_EXERCISE AIM_. Extract the lines beginning at the one that holds "Kali Audio Project" and ending at the final line of the material below, keeping them exact and leaving out all pictures.

_EXCERPTED RECORDS_.
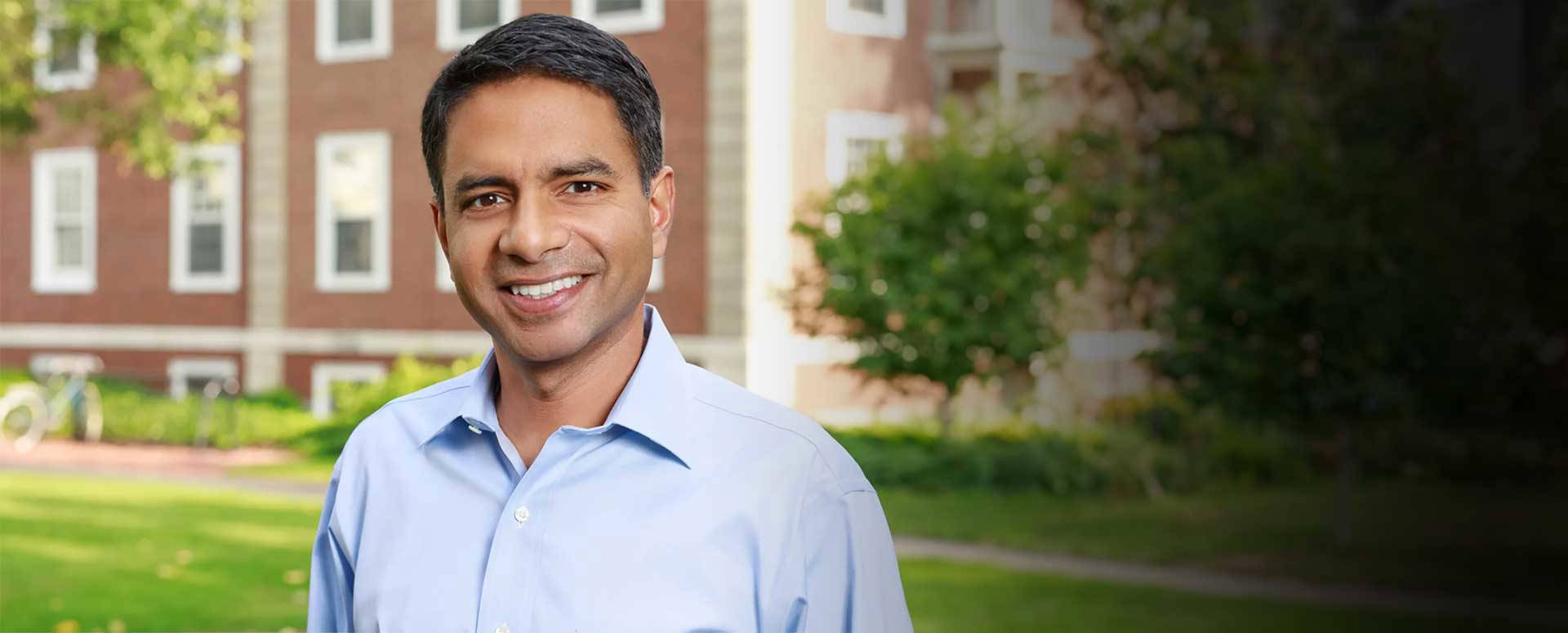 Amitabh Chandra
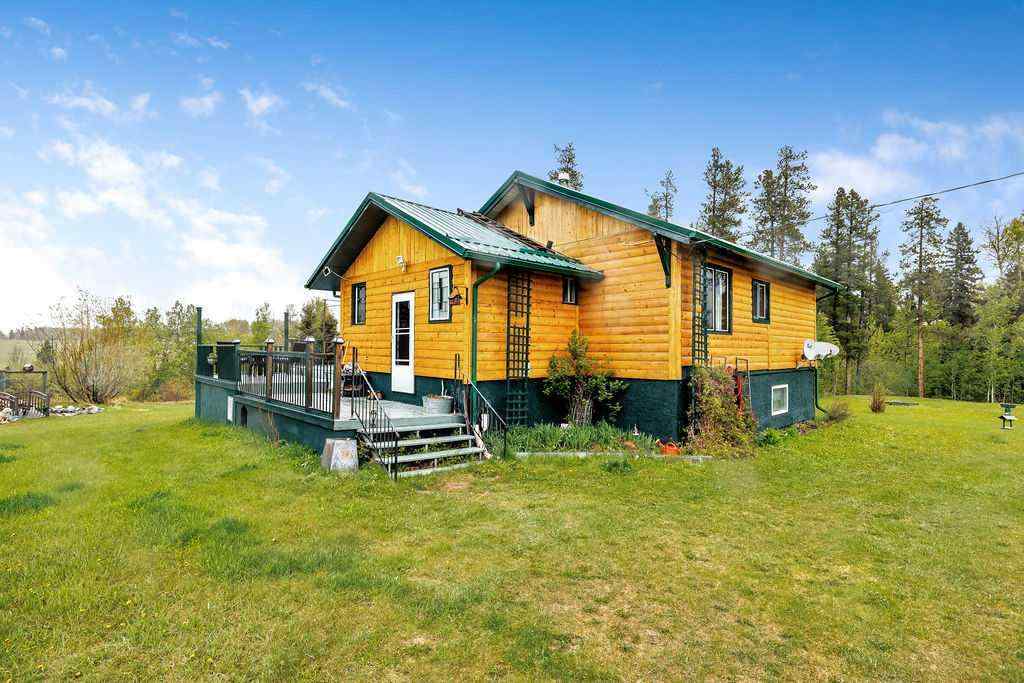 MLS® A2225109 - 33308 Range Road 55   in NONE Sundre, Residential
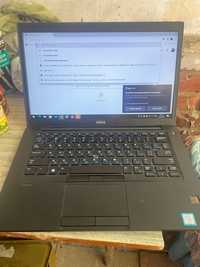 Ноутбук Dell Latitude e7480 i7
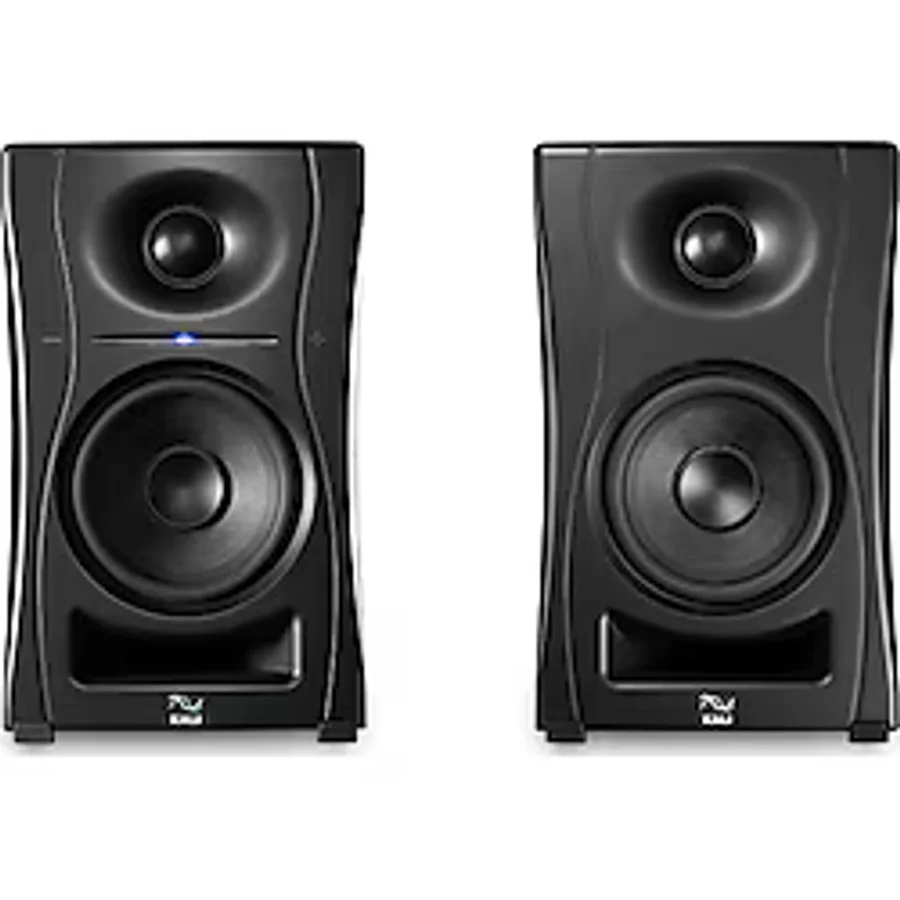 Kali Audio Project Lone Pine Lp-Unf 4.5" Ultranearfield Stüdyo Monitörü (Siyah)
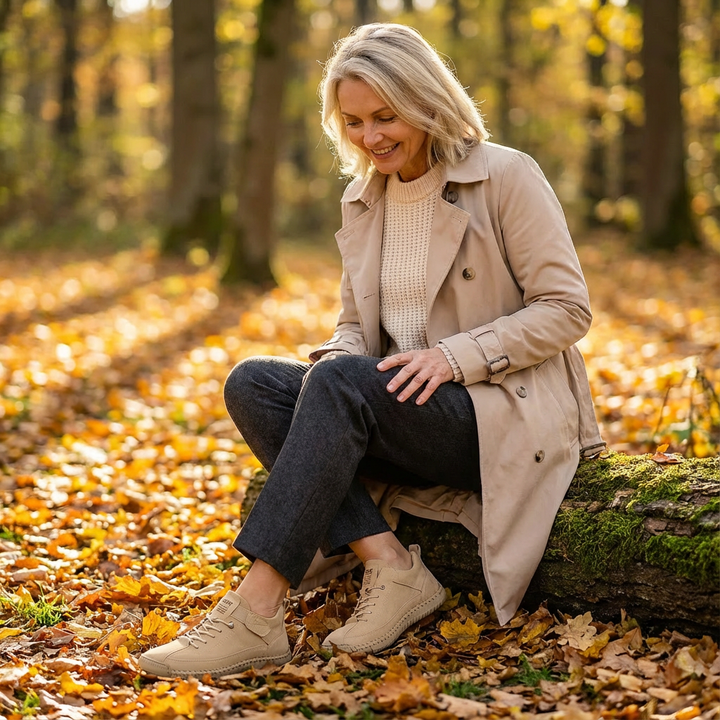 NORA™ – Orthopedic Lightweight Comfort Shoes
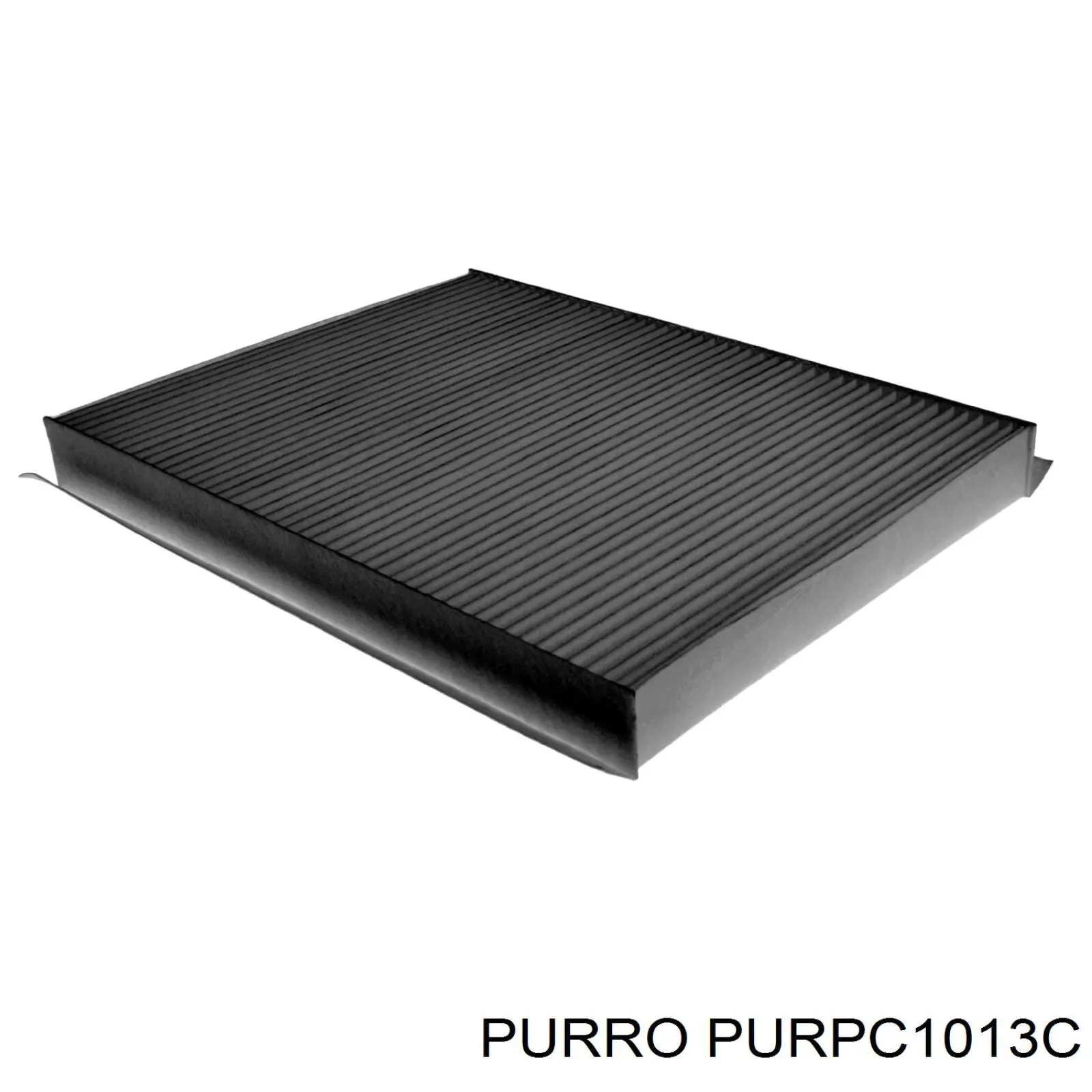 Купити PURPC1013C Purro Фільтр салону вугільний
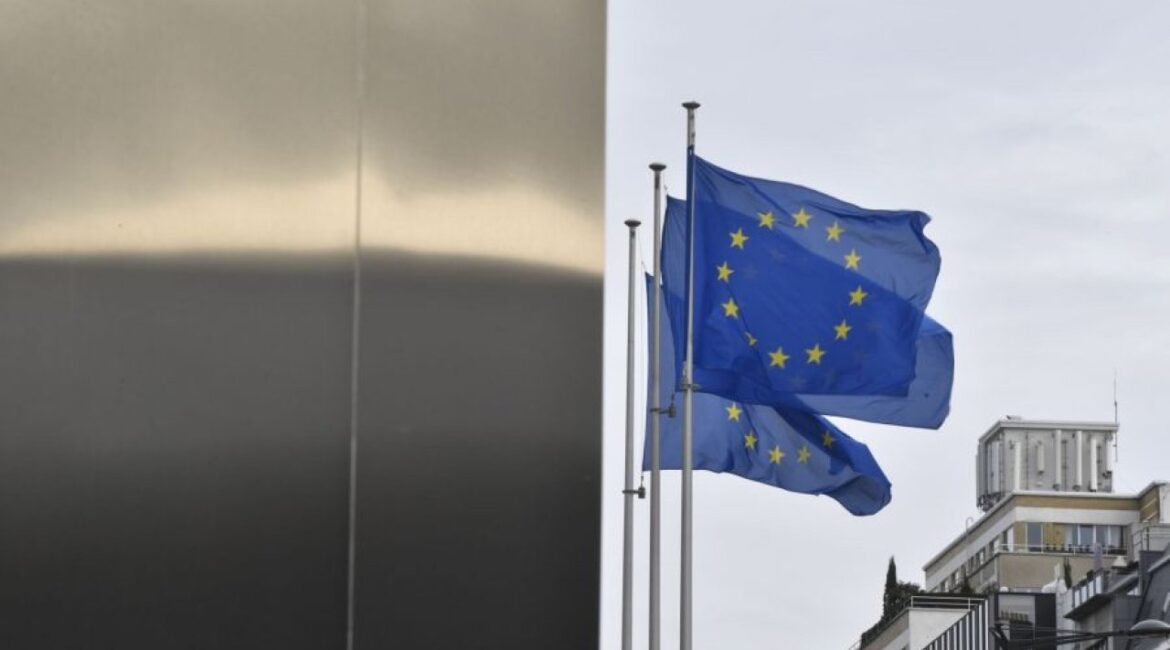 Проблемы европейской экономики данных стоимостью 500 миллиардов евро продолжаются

_EXERCISE RESULT_.
 Kali Audio Project Lone Pine Lp-Unf 4.5" Ultranearfield Stüdyo Monitörü (Siyah)
 NORA™ – Orthopedic Lightweight Comfort Shoes
 Купити PURPC1013C Purro Фільтр салону вугільний
 Проблемы европейской экономики данных стоимостью 500 миллиардов евро продолжаются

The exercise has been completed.